DIRECTIONS: Pictures stay out of the copy. Retype exactly, and only, the lines from the one containing "Mixed Race Couple" through the end of the listing below.
******************************
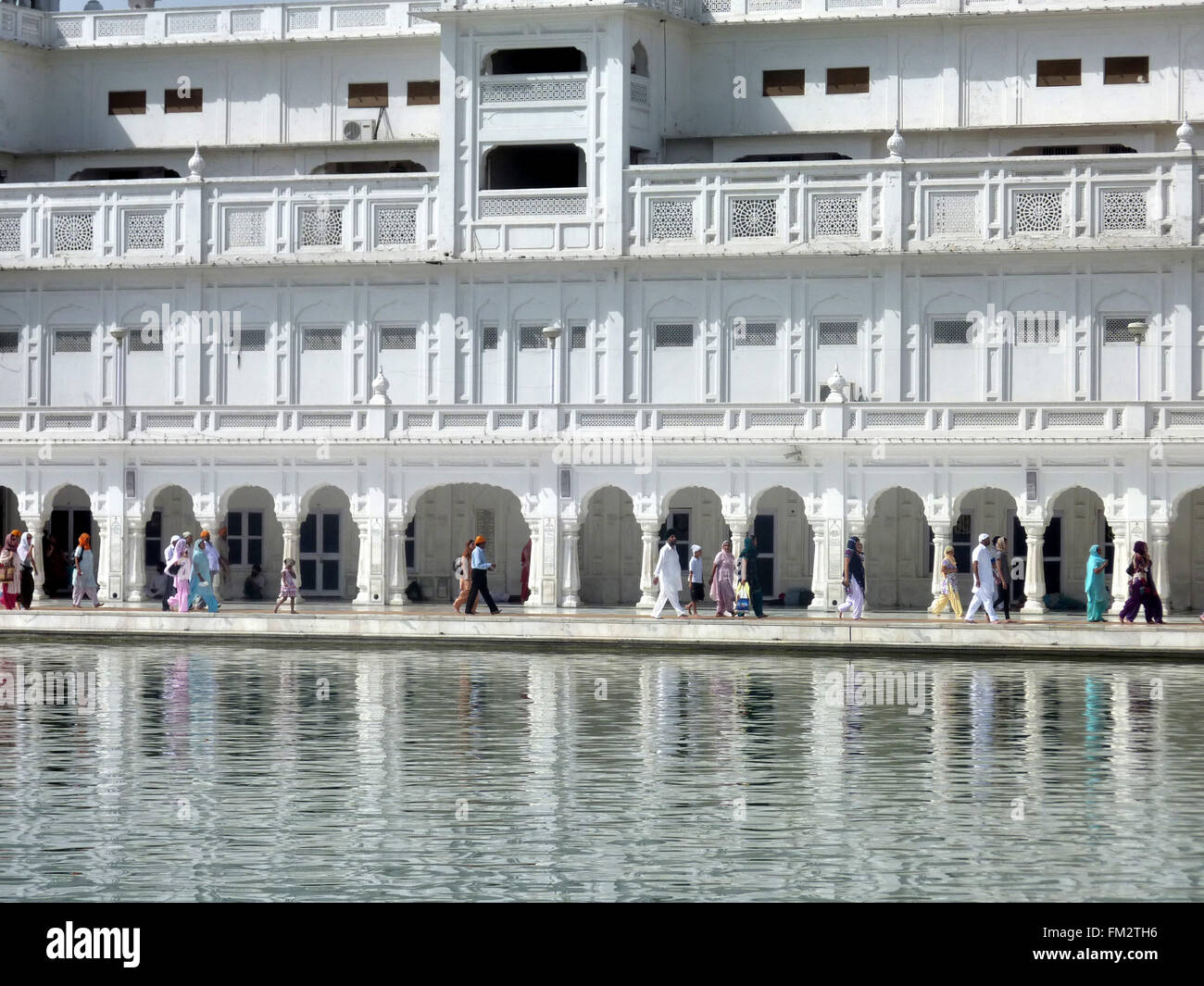 Building complex, Golden Temple, Amritsar, Punjab, India, around Amrit Sarovar, the white building with facilities for pilgrims Stock Photo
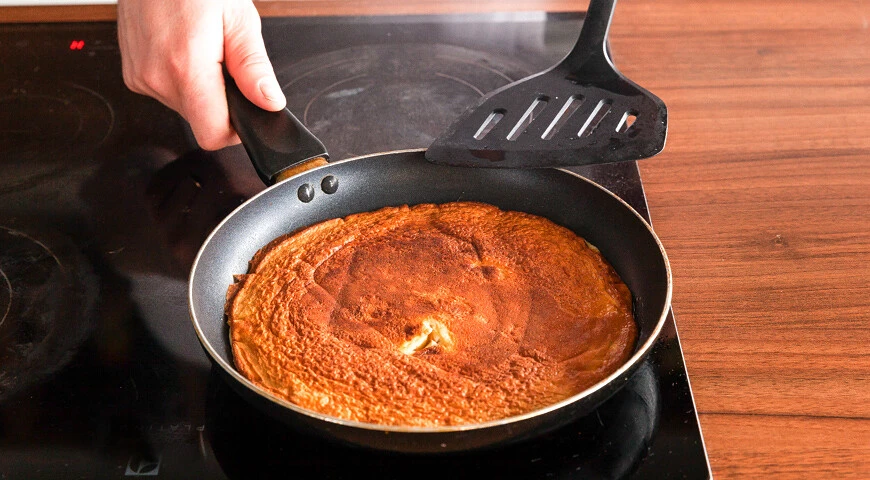 Omelet with flour in a pan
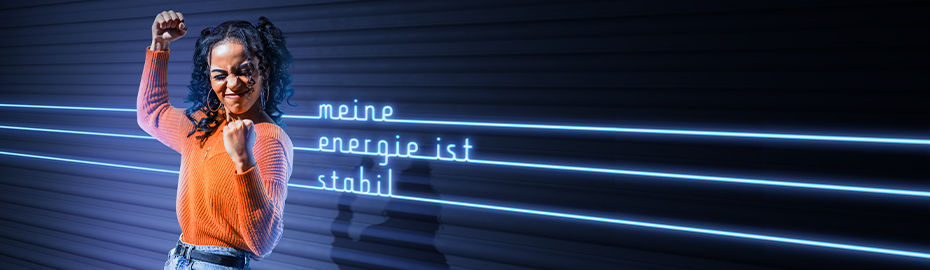 Eine Frau steht vor einem leuchtenden Neon-Schild und lächelt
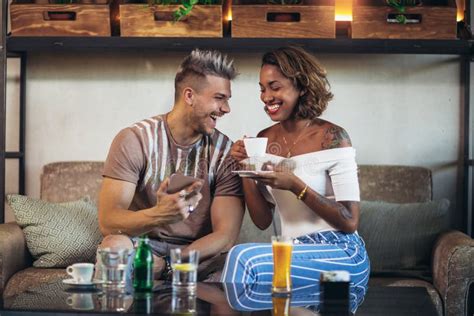 Mixed Race Couple Having Fun At The Coffee Shop Using Stock Photo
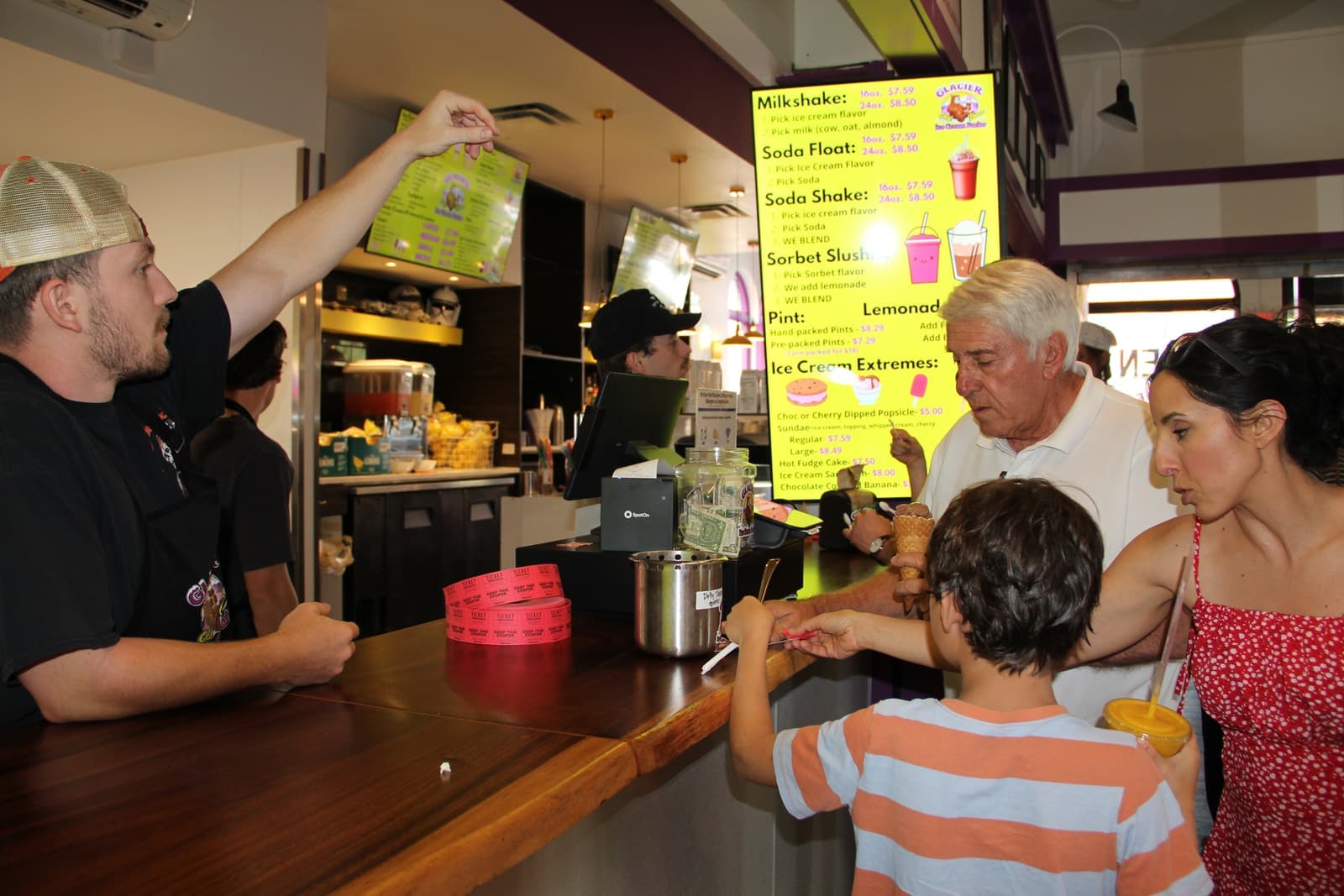 The crew serving a steady line at the counter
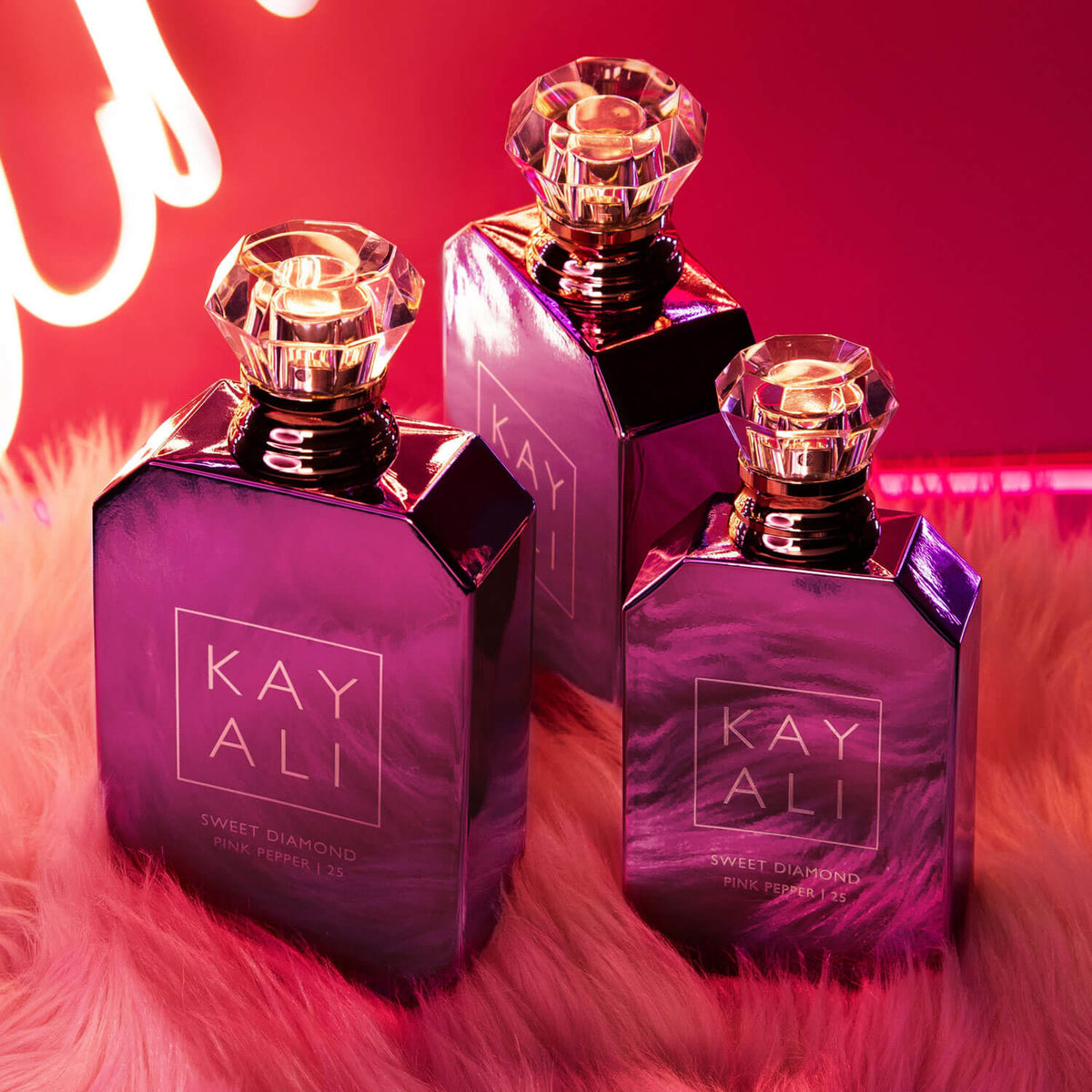 Kayali Sweet Diamond Pink Pepper 25ml perfume bottle with pink accents and elegant packaging.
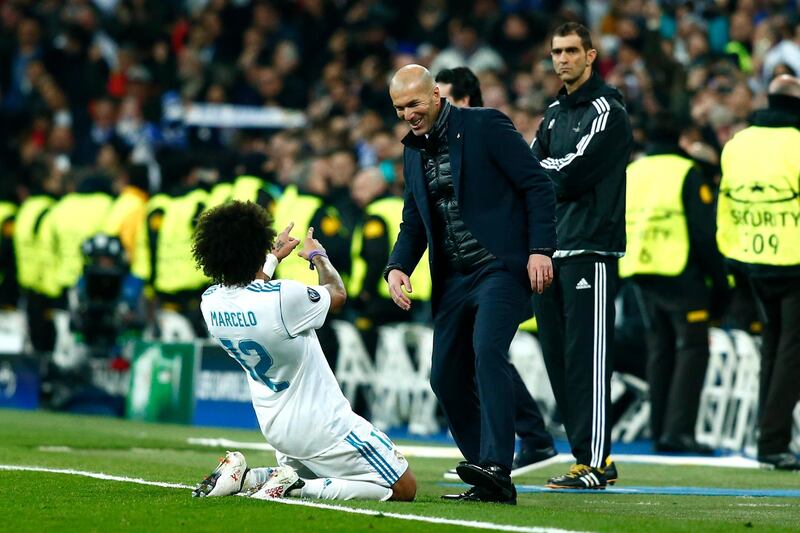 MADRID, SPAIN - FEBRUARY 14:  Marcelo of Real Madrid celebrates scoring the 3rd Real Madrid goal with Zinedine Zidane of Real Madrid during the UEFA Champions League Round of 16 First Leg match between Real Madrid and Paris Saint-Germain at Bernabeu on February 14, 2018 in Madrid, Spain.  (Photo by Gonzalo Arroyo Moreno/Getty Images)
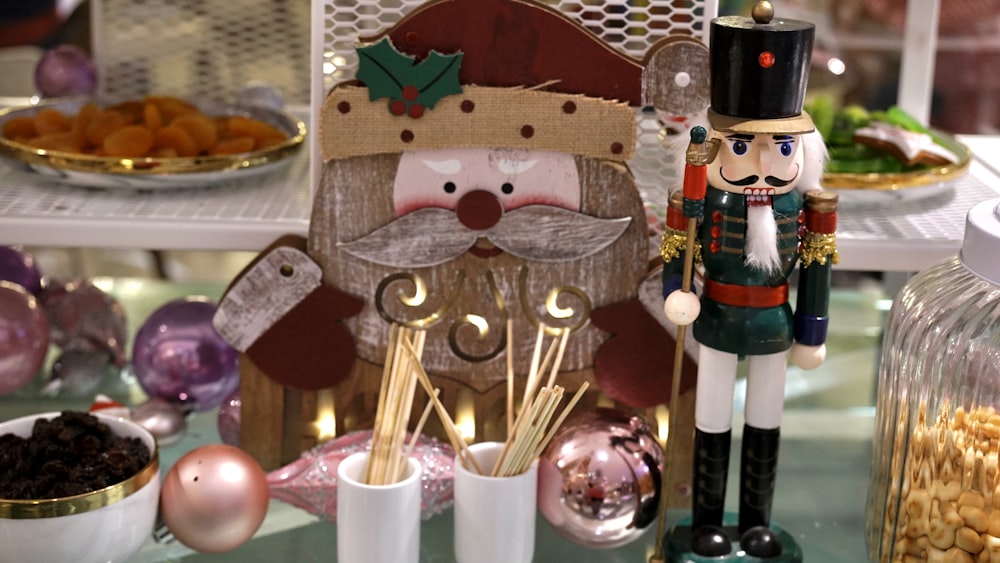 a nutcracker and a nutcracker figurine on a table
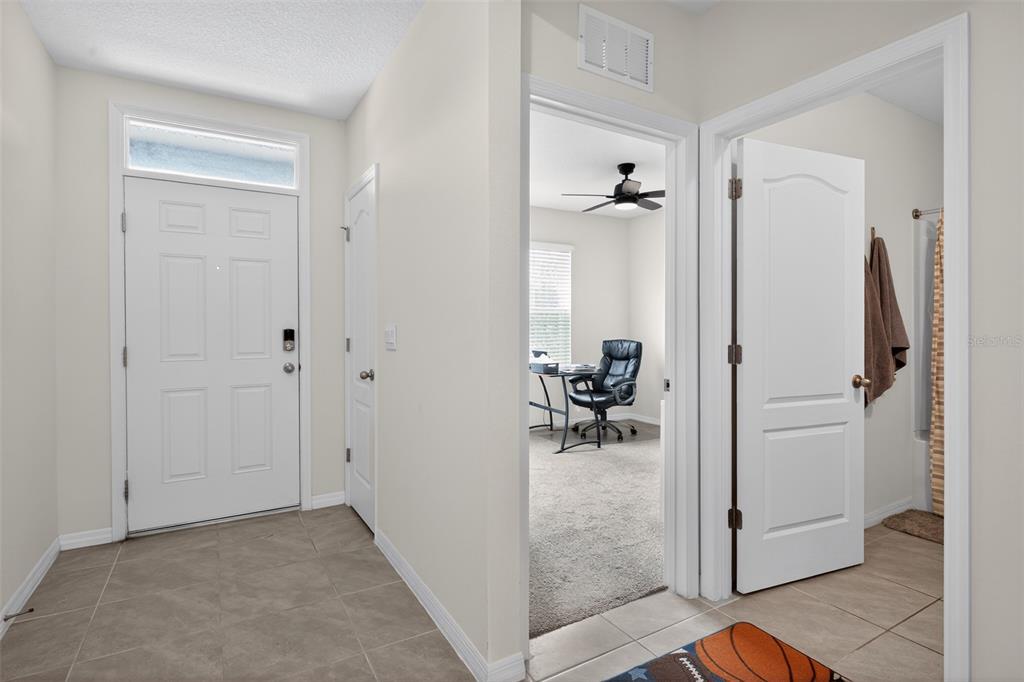 An entryway with tile flooring leads to a home office and a bathroom door — 2647 HOUSE FINCH ROAD, ST CLOUD, FL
******************************
REPLY:
 Mixed Race Couple Having Fun At The Coffee Shop Using Stock Photo
 The crew serving a steady line at the counter
 Kayali Sweet Diamond Pink Pepper 25ml perfume bottle with pink accents and elegant packaging.
 MADRID, SPAIN - FEBRUARY 14:  Marcelo of Real Madrid celebrates scoring the 3rd Real Madrid goal with Zinedine Zidane of Real Madrid during the UEFA Champions League Round of 16 First Leg match between Real Madrid and Paris Saint-Germain at Bernabeu on February 14, 2018 in Madrid, Spain.  (Photo by Gonzalo Arroyo Moreno/Getty Images)
 a nutcracker and a nutcracker figurine on a table
 An entryway with tile flooring leads to a home office and a bathroom door — 2647 HOUSE FINCH ROAD, ST CLOUD, FL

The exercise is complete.